Enquanto a realidade não bate à porta

Enquanto a realidade não bate à porta

Usada.

 

Desejada.

 

Tola.

 

Poderosa.

 

Havia uma parte de mim que se ressentia por se sentir assim. A parte que entrava em êxtase vivia em constante conflito com a parte racional, que sabia o quanto aquilo era errado e fazia mal. Mas a qual deveria ceder quando sentimentos tão conflitantes me deixavam viva?

 

O desejo, a adrenalina, o poder.

 

Um vício.

 

Enquanto a fumaça do cigarro deixa meus lábios, te olho pelo espelho gigante da parede e sinto-me novamente excitada. O tempo que passamos juntos é como um vício mal tratado.

 

Sem pudor, ando até onde está o dono da minha constante perdição.

 

Seu olhar em meu corpo é o bastante para saber que nosso próximo passo será em busca do êxtase. Enquanto o puxo para perto sinto sua ereção roçar em meu baixo ventre.

 

Eu amo me sentir assim.

 

Isso vai me levar ao inferno.

Enquanto sinto seus braços fortes me levantando, e me jogando contra a parede, sinto a necessidade novamente sendo saciada.

Por um tempo.

 

É a última vez, me prometo.

 

Nunca é o bastante, sussurra minha mente.

 

Enquanto sinto cada centímetro de você em mim, a única coisa que me passa pela cabeça é mais.

 

Mais de você.

 

Mais de mim.

 

Mais de nós.

 

Em meio aos sussurros de luxúria, o cuidado com cada palavra.
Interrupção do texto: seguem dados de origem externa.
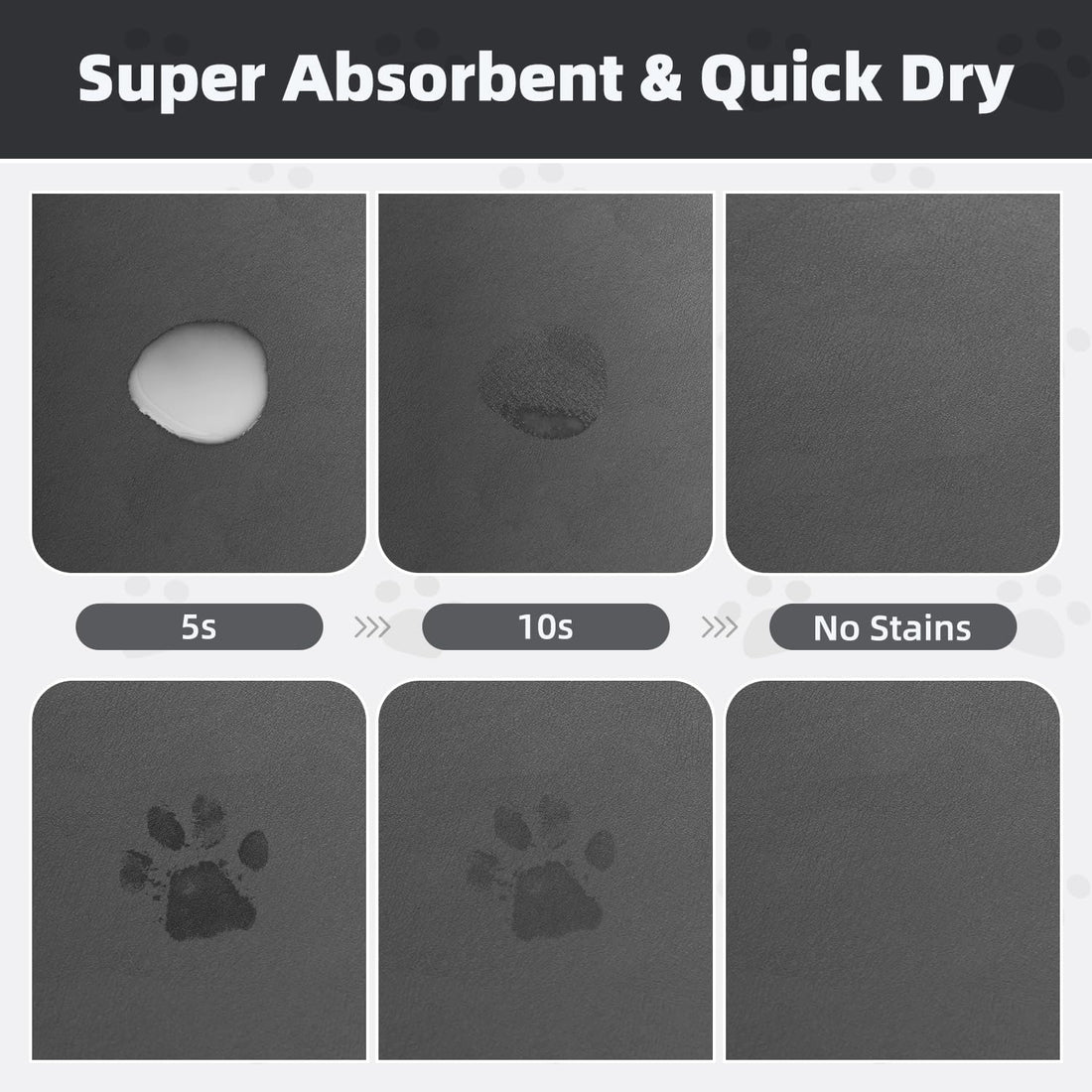 PADOOR Pet Feeding Mat-Absorbent Dog Mat for Food and Water Bowl-No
Enquanto nos marcamos na alma, em nossos corpos o cuidado para não revelar nada.

 

Afinal, você ainda é dela.

 

E eu, sou dele.

 

Mas enquanto estamos juntos em quartos de motéis baratos, somos nós.

 

Nosso segredo sujo.

 

Nosso pecado.

 

Até onde poderemos levar tais mentiras e tal distanciamento – apesar da conexão carnal – é o grande prêmio de um milhão.

 

Enquanto me entrego a você e te recebo de volta, parece bastar.

 

Uma foda na semana.

 

Um dia de adrenalina.

 

Um dia baseado em mentiras.

 

Um dia para me sentir viva.

 

Enquanto sinto o gozo tomando conta do meu corpo junto ao seu, sei mais uma vez que estou perdida.

 

Toda vez dizemos que é a última.

 

Toda vez é uma mentira.

 

Uma história mal contada, fadada ao fracasso.

 

Uma história que mal começou e sempre esteve pontuada por um ponto final.

 

O que fazíamos ali não era comentado.

 

Éramos apenas dois amantes se curtindo, ocupados com um faz de contas onde a realidade não batia à porta.

 

Pelo menos não ali dentro.

 

Não enquanto não colocássemos o pé para fora da porta.

 

E quando saiamos por ela - cada um para o seu lado - éramos estranhos um ao outro.

 

E isso bastava.

 

Era o que sempre me dizia quando o via entrando no carro e ligando para ela.

 

Isso bastava.

 

Eu confirmava ao andar de volta para minha vida.

 

Bastava.

 

Até uma mensagem com coordenadas - e horário - chegar em uma mensagem na madrugada.